Gut 30 Leute waren der Einladung des Bürgervereins gefolgt, um sich von Carola Schark den Stadtteil Oberau mit seiner reichen Vergangenheit zeigen zu lassen. Begrüßt von Constanze Fetzner, der stellvertretenden Vereinsvorsitzenden, auf „exterritorialem Gelände“ am Schwabentor, ging es zunächst zum Hexenwegle (offiziell Augustinerweg, aber das sagt kaum jemand) und zur ehemaligen Pappenfabrik Strohm mit dem Industriedenkmal Kollergang, einem Mahlwerk zum Quetschen des Rohmaterials für die Pappenfabrikation. Im ehemaligen Rheintacho-Werk befindet sich jetzt das Black Forest Hostel, ein weiteres Beispiel für den Nutzungswechsel vom Gewerbe zum Wohnen. Durch die Mühlenstraße – ihr Name erinnert an die einst zahlreichen Mühlen am Gewerbekanal – ging es zum ehemaligen Heim der Fabrikarbeiterinnen der Firma Mez; diese Form des Wohnens sollte die jungen Frauen von unnützen Tätigkeiten wie „abendlichem Spazierengehen“ abhalten. Fragt sich, ob sie nach einem Zwölf-Stunden-Arbeitstag dazu überhaupt noch die Kraft hatten.

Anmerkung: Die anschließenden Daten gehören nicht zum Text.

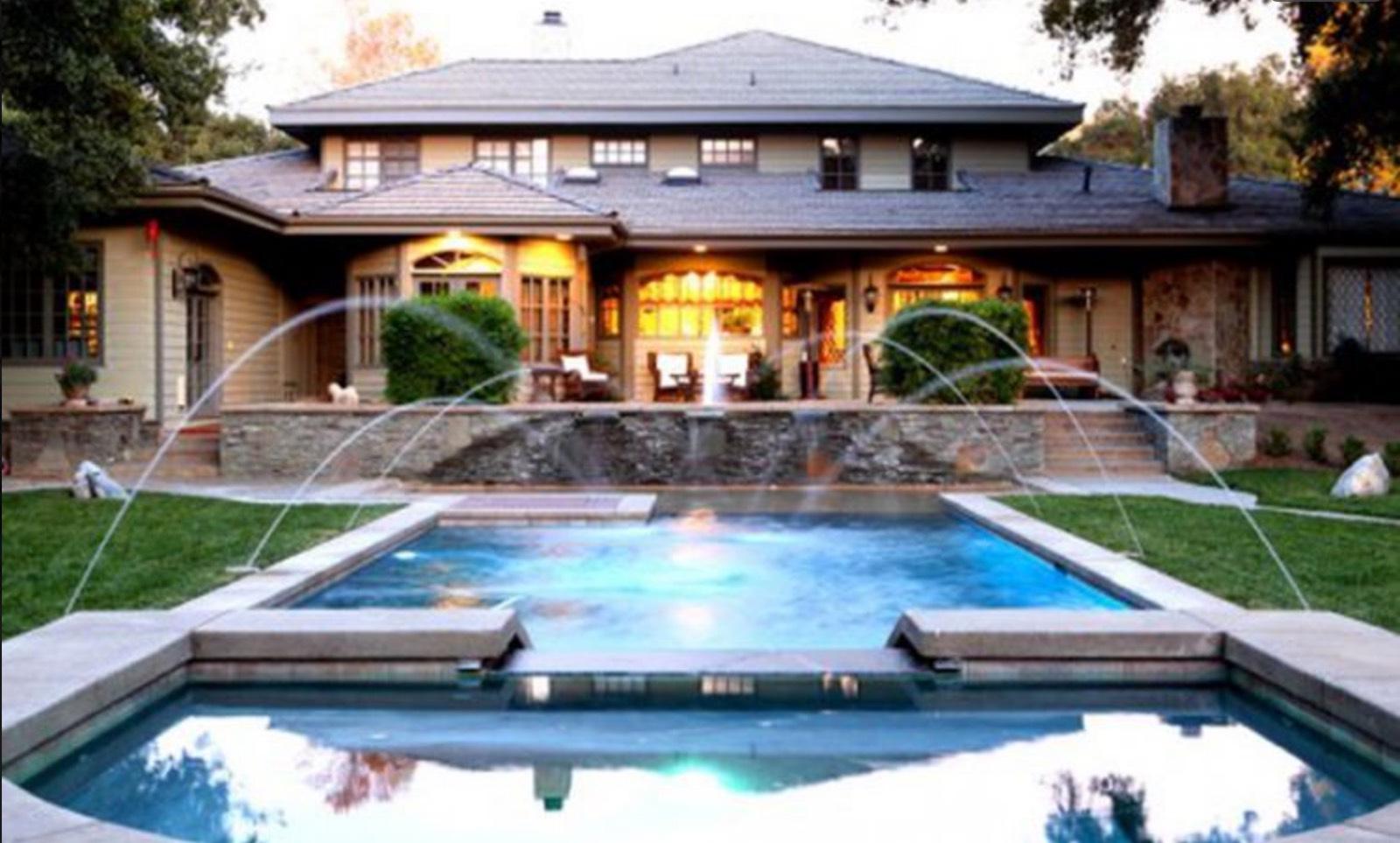 Ranch Mansion Estate — photo 1
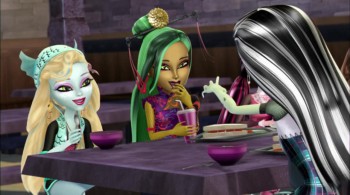 Monster High: Freaky Fusion screenshot 1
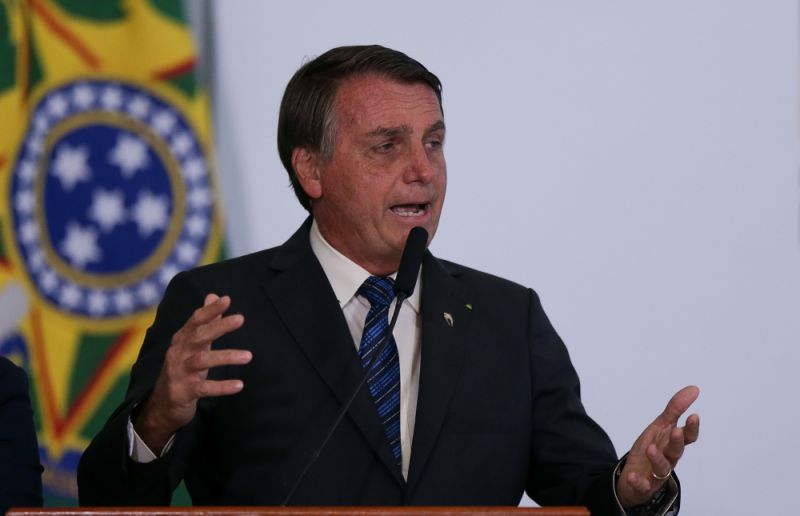 Bolsonaro recua e diz que pode comprar vacina chinesa Coronavac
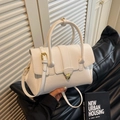 Elegante witte handtas met gouden sluiting en verstelbare riem in minimalistische stijl - Off-wit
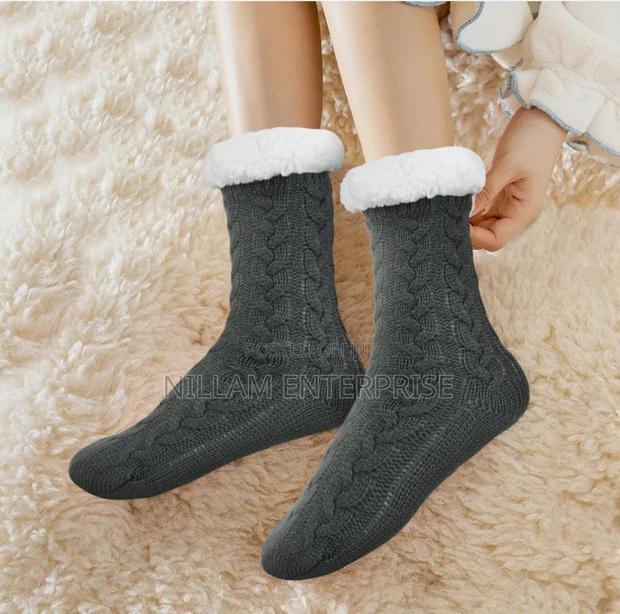 Unisex Slipper Socks - thumbnail 2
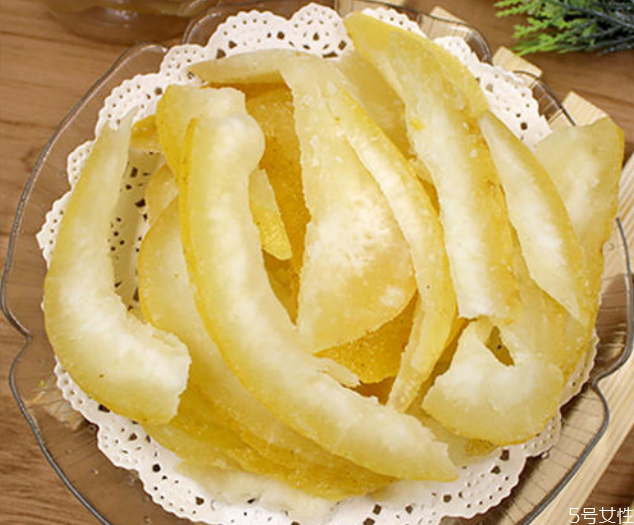 柚子糖怎么才能起糖霜 柚子皮糖的制作方法 柚子糖怎么才能起糖霜 柚子皮糖的制作方法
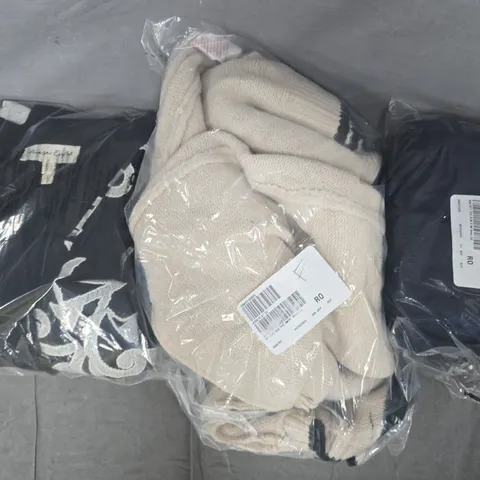 BOX OF APPROXIMATELY 15 ASSORTED CLOTHING AND FASHION ITEMS IN VARIOUS STYLES, SIZES, AND COLOURS - COLLECTION ONLY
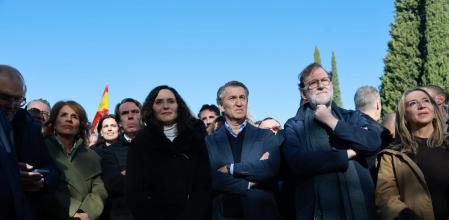 Feijóo, junto a Rajoy y Aznar en la manifestación en Madrid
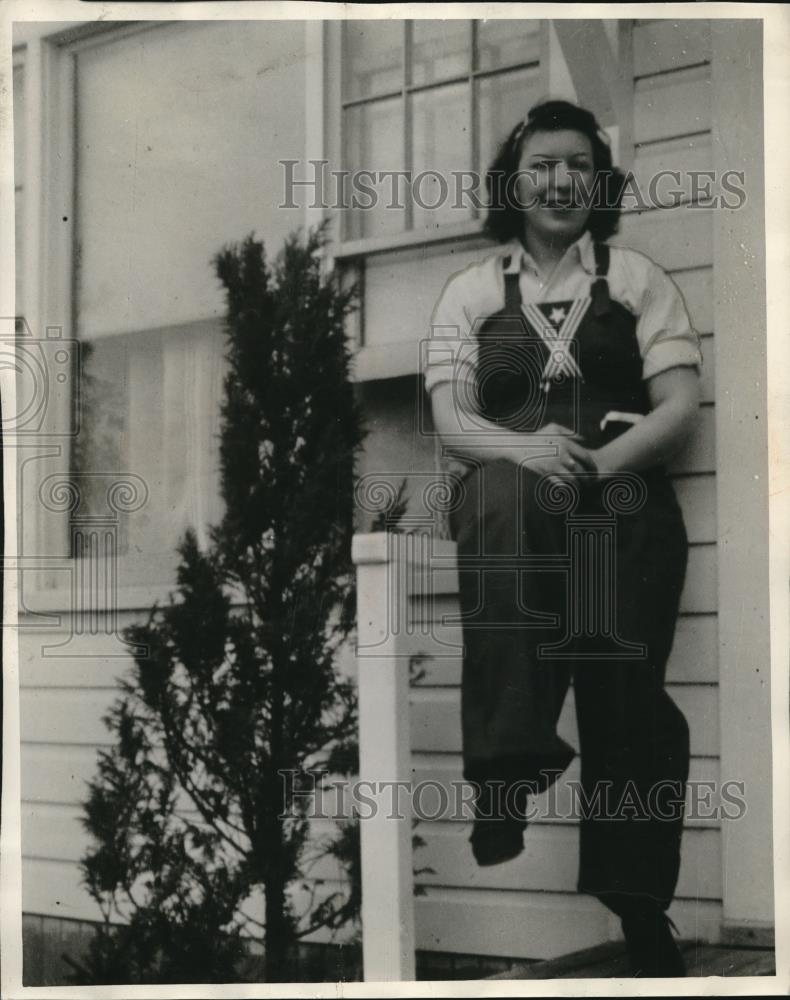 1988 Press Photo Jean Montgomery McHanger Toledo Housewife - neb61252 - Historic Images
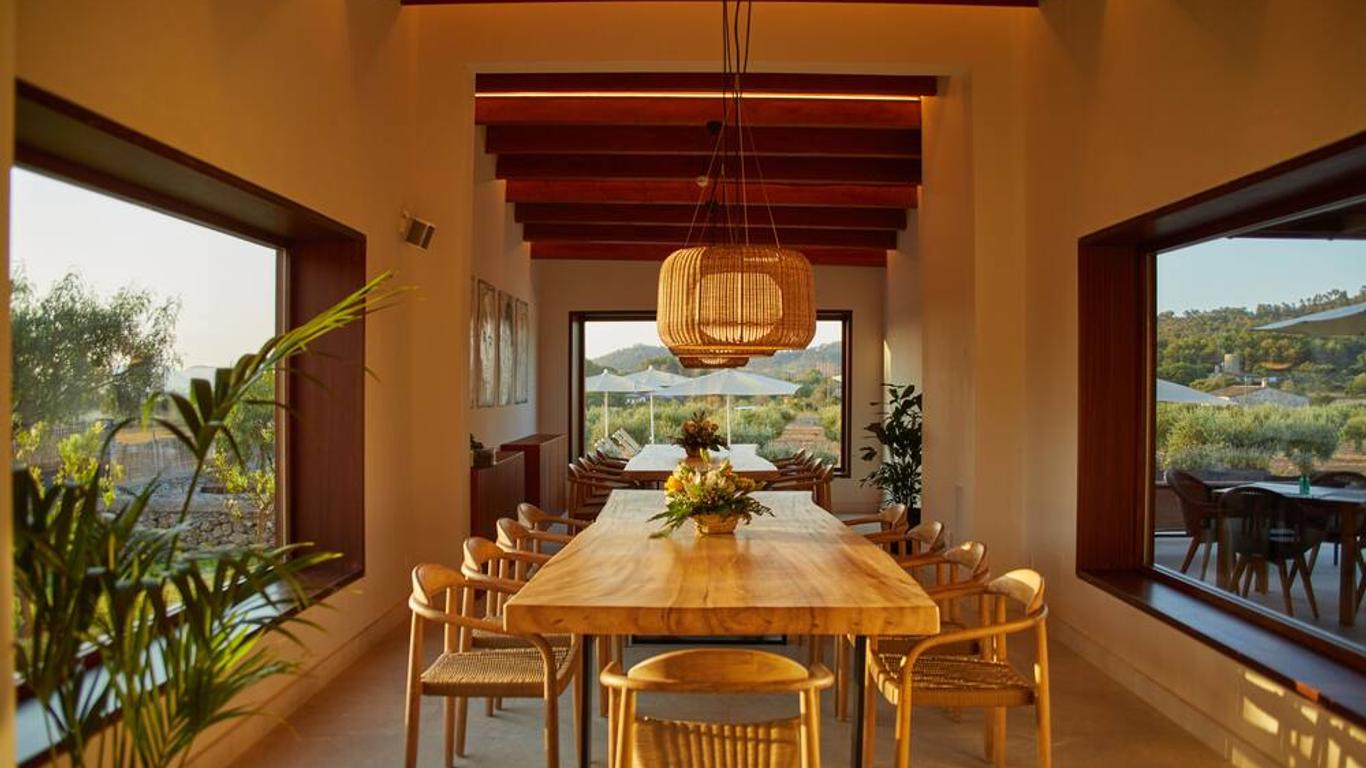 Hotel Rural Es Riquers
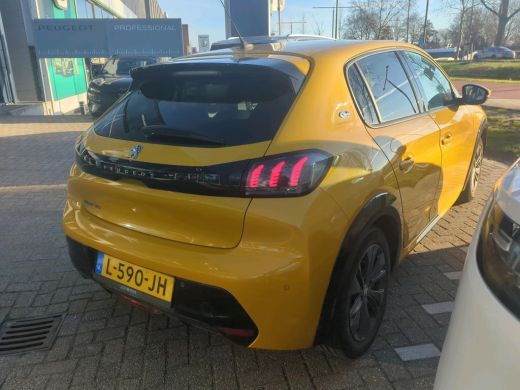 Peugeot e-208 EV Allure Pack 50 kWh 3 Fase 11kW | Navigatie | Achteruitrijcamera | Keyless-Start | Full-LED | G... ActivLease financial lease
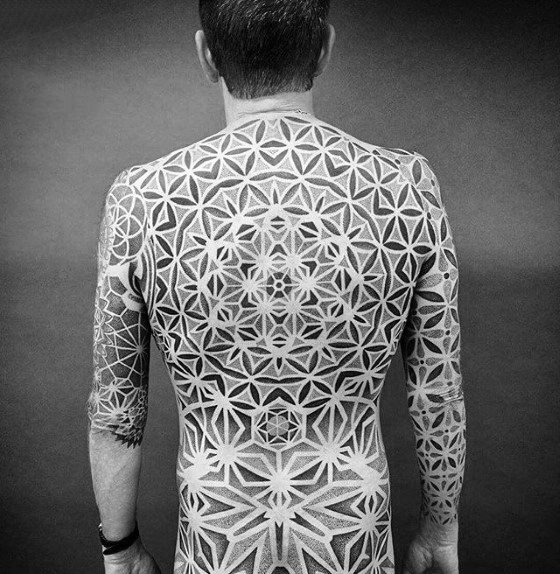 tatuaje geometrico espalda para hombre 21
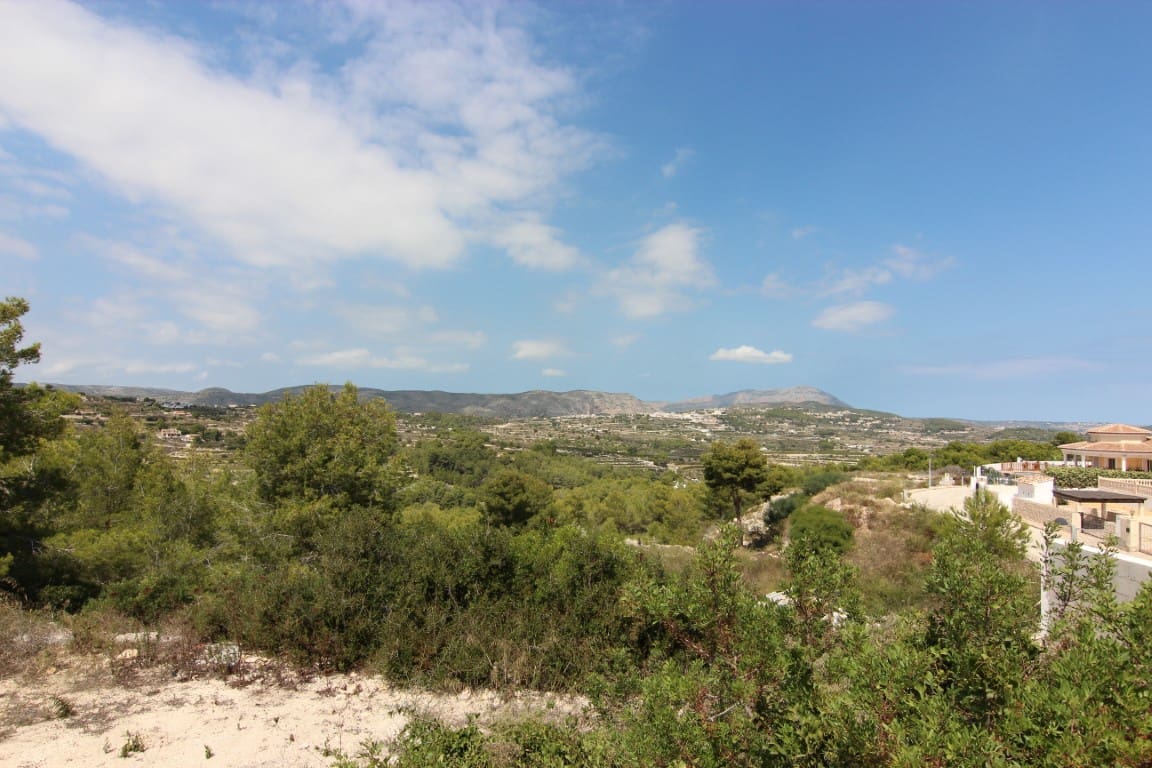 Building Plot for sale in Teulada - € 300,000 (Ref: 9484407)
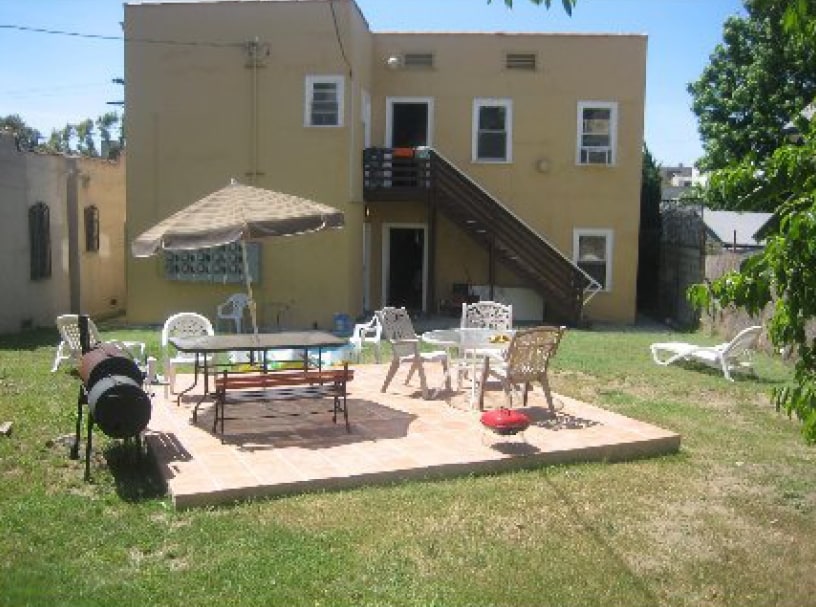 Building Photo - 406 S Coronado St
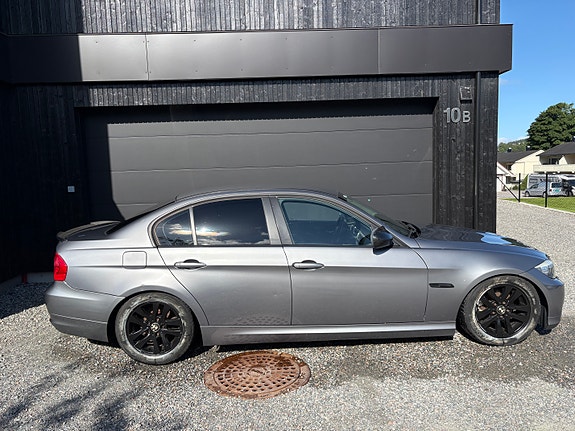 BMW 316i 5 of 5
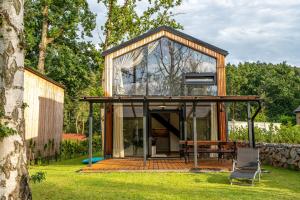 Moderní chata se zastřešenou terasou v docházkové vzdálenosti na pláž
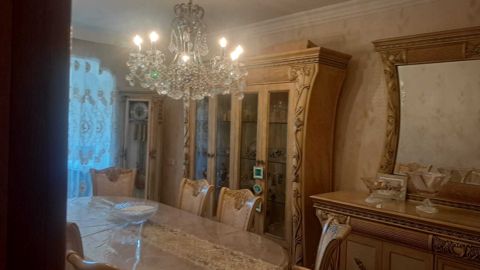 Satılır 3 otaqlı köhnə tikili 90 m² — Bakı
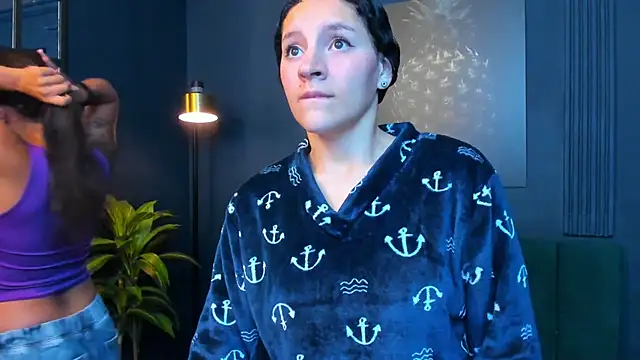 aliceandsia online show from 09-29-25, 12:10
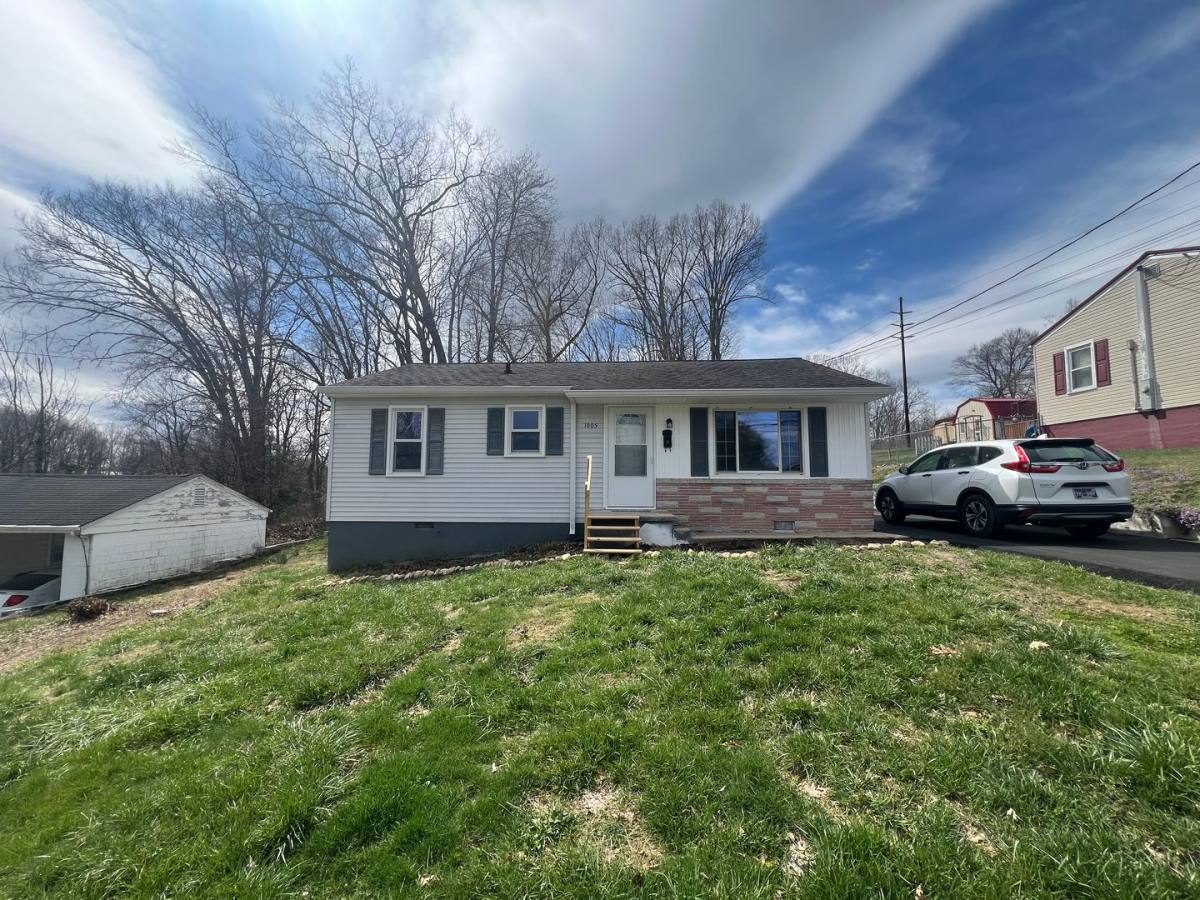 House for rent at 1005 N Barton St, Johnson City, TN 37604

In der Straße Oberau stehen weitere schöne Gebäude im Jugendstil, der sich in Freiburg erst recht spät gegen den Historismus durchgesetzt hat. Meist wurden sie von der Firma Mez für ihre Angestellten erbaut; an der Ecke zur Fabrikstraße die recht schön renovierte ehemalige Gaststätte „Kaiserhof“. Jenseits der Dreisam ein kurzer Blick auf die einstige „kleinste Schnürsenkelfabrik“ Dietz, dann ging es durch das Wohngebiet zwischen Hindenburg- und Runzstraße. Ursprünglich erbaut für Angehörige der französischen Streitkräfte ist es jetzt im Besitz der Landesentwicklungsgesellschaft. An der Ecke Runz- und Bleichestraße stand einst die Schulmöbelfabrik Gerteis am Dillenmühlenkanal, der längst verfüllt ist. Allenfalls die „Stromschnellen“ der Dreisam erinnern noch an das frühere Wehr, an dem er abgezweigt ist.
Das Emmi-Seeh-Heim, erbaut in den 1950er Jahren von der Arbeiterwohlfahrt, verzichtete auf Schlafsäle für die Bewohner(innen), heute unvorstellbar, aber seinerzeit ein gewaltiger Fortschritt. Durch den ehemaligen Anzuchtgarten der Stadtgärtnerei, von dem noch einige prächtige Bäume zeugen und wo heute die Musikhochschule steht, ging es schließlich zur 1951 von Alfred Giese erbauten Friedenskirche. Mit ihrer Klinkerfassade erinnert sie an Norddeutschland, mit ihrem frei stehenden Glockenturm (Campanile) an Italien.
Mit lebhaftem Applaus dankten die Teilnehmer(innen) den Erklärungen von Carola Schark, und die Wolken hielten sich mit ihren Regentropfen freundlicherweise bis zum Abschluss des Spaziergangs zurück.